Situated near the juncture of the Missouri River and Mississippi River, the city of St. Louis had long been an important transportation center. Its access to these river systems coupled with its central location in the country had contributed to its becoming a major industrial center and railroad hub, with all the U.S.’s major rail lines converging in the city and from there running to all the different regions of the country. As railroads became the primary means by which livestock and processed meat was shipped, St. Louis developed into a major livestock and meatpacking center. This was also due to the fact that most of the U.S. population lived east of the Mississippi River prior to 1900, while most of the animals used to produce the meat it consumed were raised west of it, thus making St. Louis a logical place for the interchange between supply and demand in the meat market. However, the Mississippi River provided a hindrance to this movement of livestock and meat to the East at first, because until 1874, when the Eads Bridge was completed, no bridge linking Missouri to Illinois had been constructed. This meant that livestock from the West had to be unloaded in St. Louis, then ferried across the river to East St. Louis, Illinois, where it would then be stocked until it could be taken by railroad to eastern cities.
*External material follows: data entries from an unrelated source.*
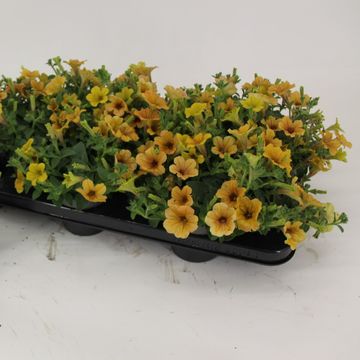 Petunia CASCADIAS INDIAN SUMMER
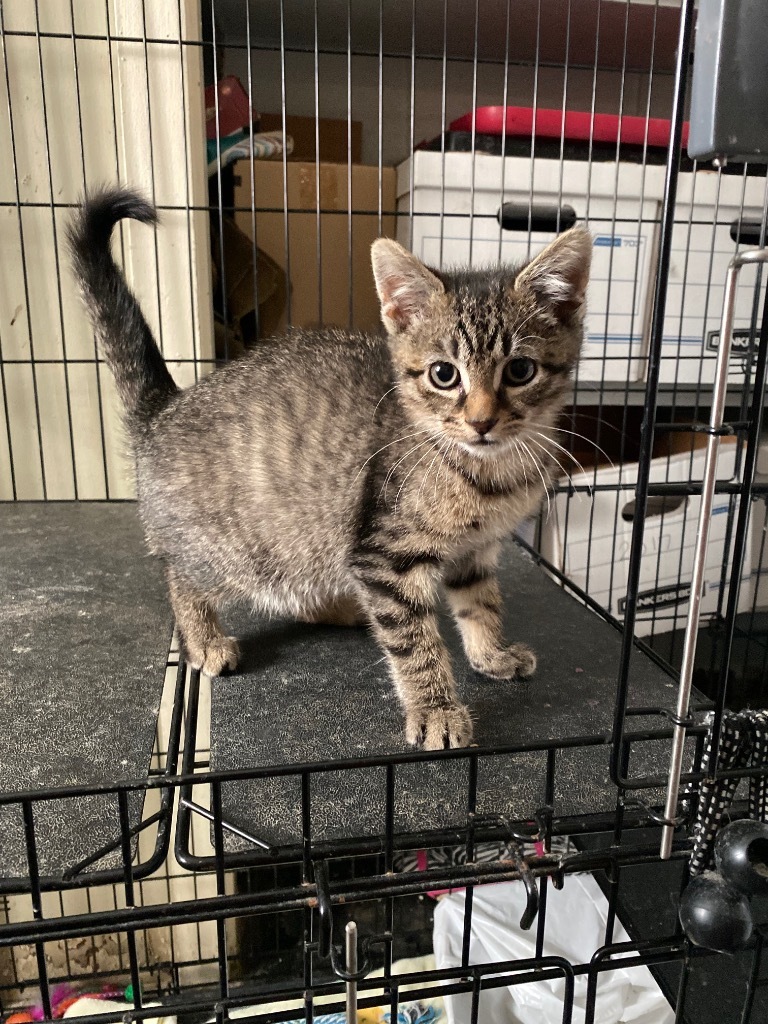 Forest, an adoptable Domestic Short Hair in Eufaula, AL, 36027 | Photo Image 1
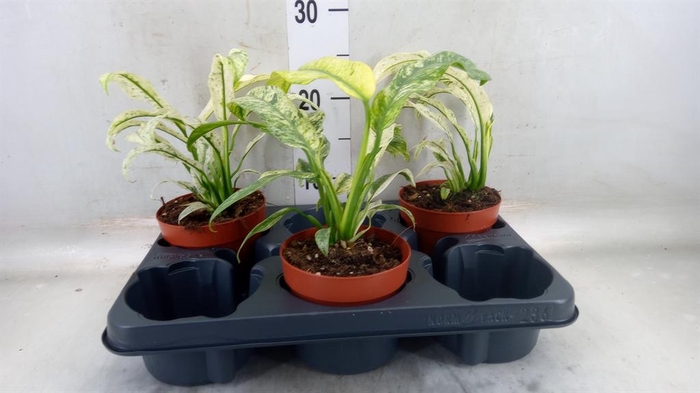 <h4>Epipremnum ...</h4>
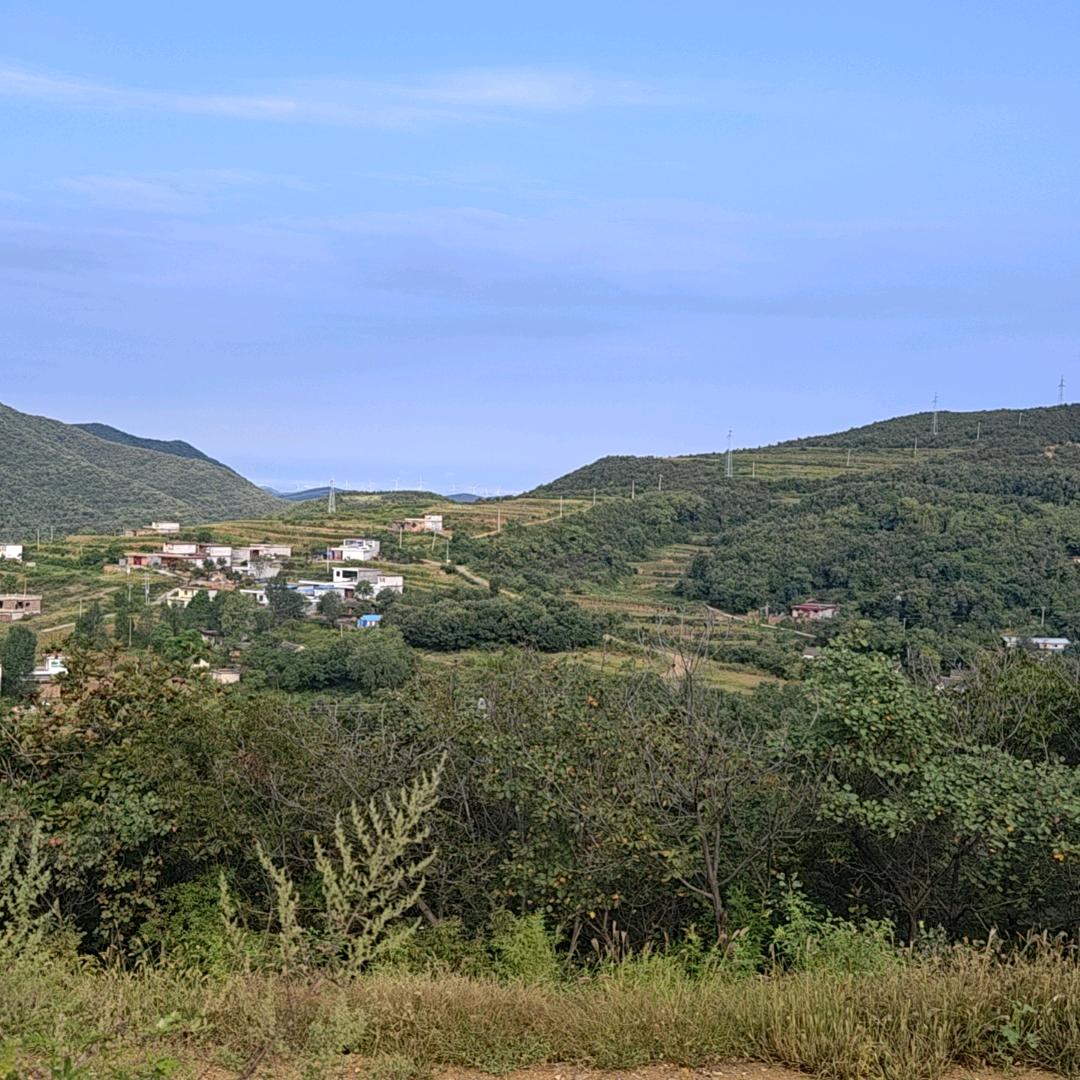 悦意山庄混养塘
This inefficiency provided additional costs to producers, both in time lost and money spent on ferry fees. It was these problems that caused a group of eastern financiers to invest in the construction of a large stockyard complex outside the already well-established rail center of East St. Louis.
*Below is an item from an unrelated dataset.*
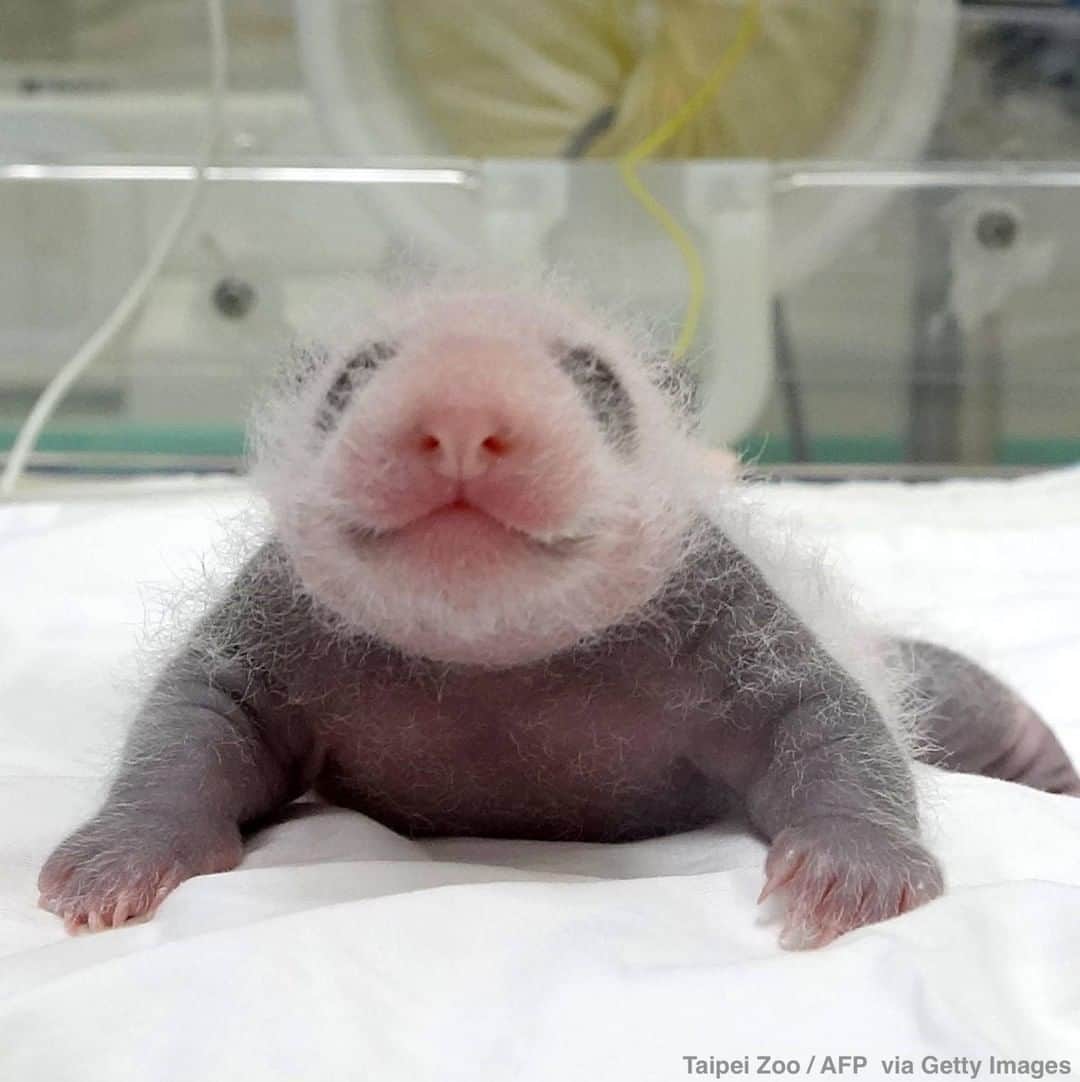 ABC Newsさんのインスタグラム写真 - (ABC NewsInstagram)「A newborn panda looks up at the Taipei Zoo in  Taiwan. The cub, weighing 186 grams after a five-hour labor in June, was born to a giant panda gifted by China to Taiwan in late 2008. #taiwan #taipei #panda #babyanimals #cuteanimals」7月13日 22時41分 - abcnews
===The St. Louis National Stockyards Company is formed, 1873===

National City had its beginnings as a business investment by East-Coast venture capitalists in the early 1870s. East St. Louis mayor John Bowman had envisioned a new stockyard operation in East. St. Louis that would rival the famous Union Stock Yards in Chicago and make the stockyards in nearby St. Louis minor by comparison, and he approached a group of wealthy investors about establishing it. Most of these investors were railroad men, and virtually all of them were from the East. The man who led this group of investors was Archibald M. Allerton of the New York law firm Allerton, Dutcher and Moore, who also was one of the owners of New York’s National Drove Yard. Allerton and his fellow investors believed such an operation would be a successful venture, but had several conditions they wanted met before they would invest in East St. Louis: 1) they wanted to build their operation on land not incorporated into any existing city, so as to avoid strict regulations, with a promise that East St. Louis would never attempt annexation of their property, 2) they wanted to build their own infrastructure independently of East St. Louis, and 3) they wanted East St. Louis to provide their property with city services such as fire protection. Mayor Bowman acquiesced to these conditions, and the agreement was made official on July 17, 1872, at the East St. Louis city council meeting. The investors had purchased 656 acre of land known as Gallagher Pastures (400 acres of which was procured from Mayor Bowman and W.D. Griswold for $145,000, and 256 acre from Virginia Matthews for $50,000) on the northeast edge of East St. Louis upon which to build their new stockyard operation, and construction had begun on May 30, 1871. Ultimately, they would spend $1.5 million to construct the complex. It included 100 acre of animal pens and 60 acre for sheds, as well as the Allerton House (later known as the National Hotel, at which Theodore Roosevelt once stayed)—one of the finest hotels in the area—and a new Exchange Building. On October 31, 1872, the original 17 stockholders who had invested in the new stockyard operation met in Mayor Bowman’s office and elected the first Board of Directors for the operation, with Archibald Allerton as its first President. The St. Louis National Stockyards Company was incorporated in Illinois four days later on November 4 and officially opened for business on November 19, 1873.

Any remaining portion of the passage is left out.